2.12 Inference framework I: hypothesis testing

2.12.1 Introduction

There’s a lot in here, so feel free to take it in chunks! I am assuming you’ve seen this content before, but it may have been a while, and not everyone approaches it exactly the same way.

One reminder before we start: what I’m about to describe is called frequentist inference. This is not the only approach to inference, either mathematically or philosophically. But it is very widely used, so it’s important to understand it. If you’re interested in other approaches to inference, I recommend picking up an elective on Bayesian statistics!

2.12.2 Frequentist inference: the big picture

In general, the goal of inference is to infer something based on what you can observe. In particular, we suppose that there is some population you are interested in, and a particular parameter that describes the behavior of this population. For example, you might be interested in blood pressure. Your population is, let’s say, all US adults, and the parameter you’re interested in is the mean blood pressure, \(\mu\).

You can never observe the whole population, so you can never know the true value of the parameter. But you can guess, or infer, something about it if you take a sample of people and measure their blood pressure. You could calculate a sample statistic from your sample, like, say, the sample mean \(\bar{y}\), and use this to estimate the population parameter.

Frequentist inference takes a particular approach to this. In this philosophy, there is a true, fixed value of the population parameter. It is written on a secret mountain somewhere. It’s something. But you won’t ever know what it is.

What you do know, or at least assume you know, is the probabilistic relationship between that parameter and what you see in your sample. You use this relationship to work backwards from what you see to what you think about the true parameter.

There are two main inference tools or outcomes that you have perhaps encountered: the hypothesis test and the confidence interval.

A hypothesis test says: “Listen, if the true population parameter were some value \(X_0\), would it be pretty normal to see a sample value like this one I have here? Or would this sample value be really unlikely?”

A confidence interval says: “Here’s the whole range of parameter values that would make my sample value reasonably likely.”

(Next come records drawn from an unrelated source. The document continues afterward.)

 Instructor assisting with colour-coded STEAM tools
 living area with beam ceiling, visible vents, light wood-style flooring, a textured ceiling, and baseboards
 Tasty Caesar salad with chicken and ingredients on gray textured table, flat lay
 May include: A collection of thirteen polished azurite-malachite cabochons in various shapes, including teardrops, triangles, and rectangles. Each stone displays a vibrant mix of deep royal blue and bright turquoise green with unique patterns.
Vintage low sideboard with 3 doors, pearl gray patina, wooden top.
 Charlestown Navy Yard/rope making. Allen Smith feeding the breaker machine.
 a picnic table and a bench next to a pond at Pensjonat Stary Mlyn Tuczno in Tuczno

2.12.3 The inference framework

So how do you find these things? Well, there’s a procedural framework. This same framework applies no matter what kind of parameter you’re interested in – a mean, a proportion, a regression slope, whatever. It looks like this:

  • Formulate question
  • Obtain data
  • Check conditions
  • Find the test statistic, and its sampling distribution under H0
  • Compare observed test statistic to null distribution
  • Create confidence interval
  • Report and interpret

Let’s go through in order. For example purposes, let’s say that our variable of interest is blood pressure, and the population parameter we’re interested in is the mean, \(\mu\).

Formulate question:

Start by identifying the parameter, and the corresponding sample statistic. We’re interested in the population mean \(\mu\), so we’ll use the sample mean \(\bar{y}\): the mean of the blood pressure measurements in our sample.

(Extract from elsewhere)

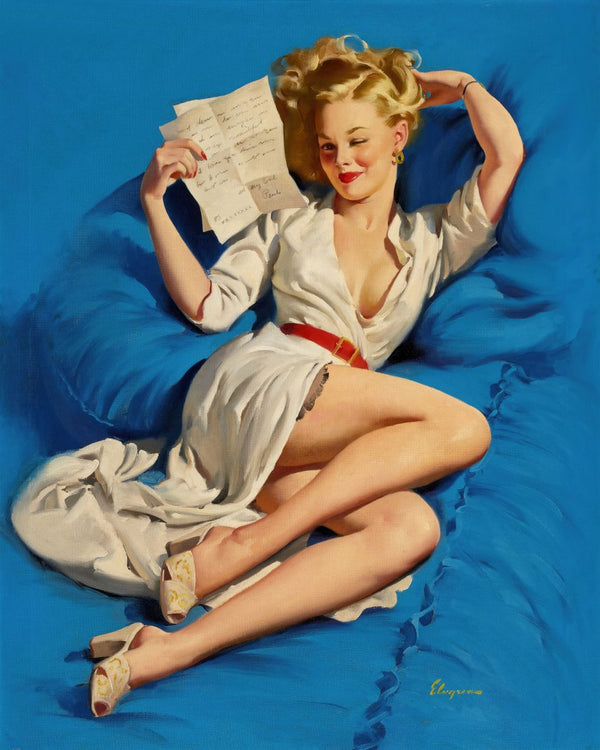 A smiling blonde woman in a white dress and red belt reclines on blue pillows reading a handwritten letter.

Next, determine the null hypothesis, \(H_0\), and the alternative hypothesis, \(H_A\). The null hypothesis is a statement about the population parameter, which may or may not be true. The null should be two things: boring and tractable. Boring, because you will never be able to confirm it, only reject it or say nothing about it – so rejecting it should be interesting! And tractable, in the sense that you should know how the world works if that null hypothesis were true.

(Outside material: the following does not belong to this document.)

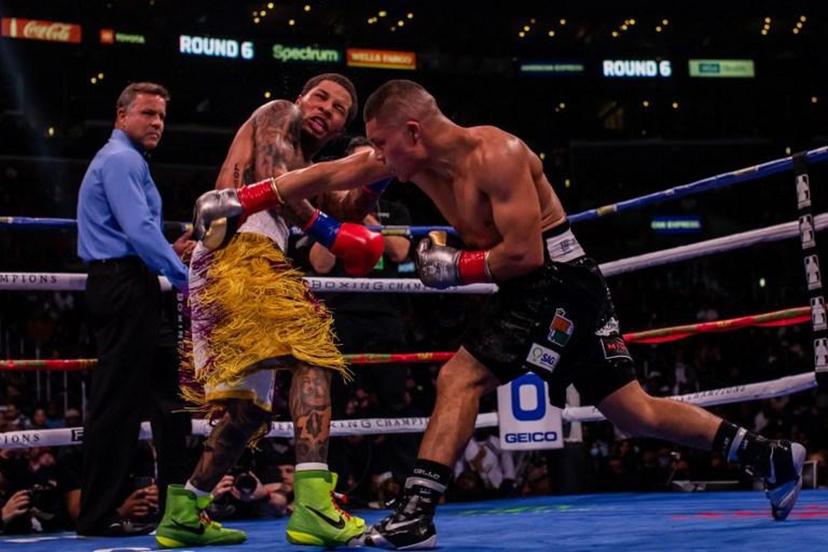 US boxer Gervonta Davis (L) fights Mexican boxer Isaac Cruz during their WBA Lightweight Championship bout at the Staples center in Los Angeles, California on December 5, 2021.   Apu GOMES / AFP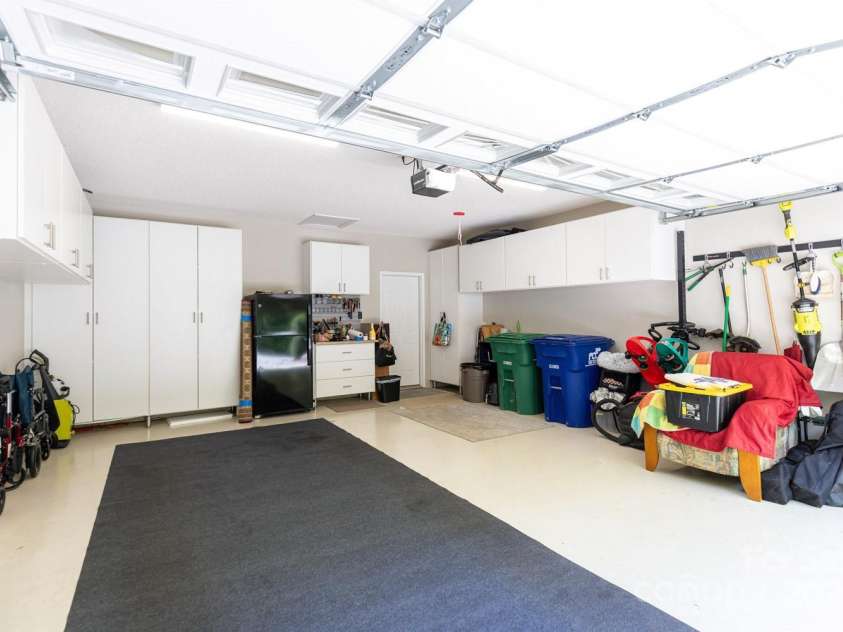 127 Poppy Lane, Asheville, NC 28803.  MLS# CAR4252357, YatesRealty ID 18218. Main Level Garage off Mudroom / Kitchen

Let’s say my null hypothesis is \(H_0: \mu = 120\). The two-sided alternative would be \(H_A: \mu \neq 120\). Beware – I will never be able to demonstrate that \(\mu\) really is 120! I can only, maybe, find evidence that it isn’t. Otherwise I say nothing about it. So I’d better find it interesting if \(\mu\) is not 120.

Before I go any further, I need to decide on a confidence level, or alpha. How confident do I need to be in my answer? This is one of those “talk to your client” moments. In an exploratory setting, you might be pretty relaxed about this – maybe 95% confidence is good enough. But when the stakes are higher, maybe you need 99% or 99.9% or more. For this example, let’s say \(\alpha = 0.01\), corresponding to a 99% confidence level.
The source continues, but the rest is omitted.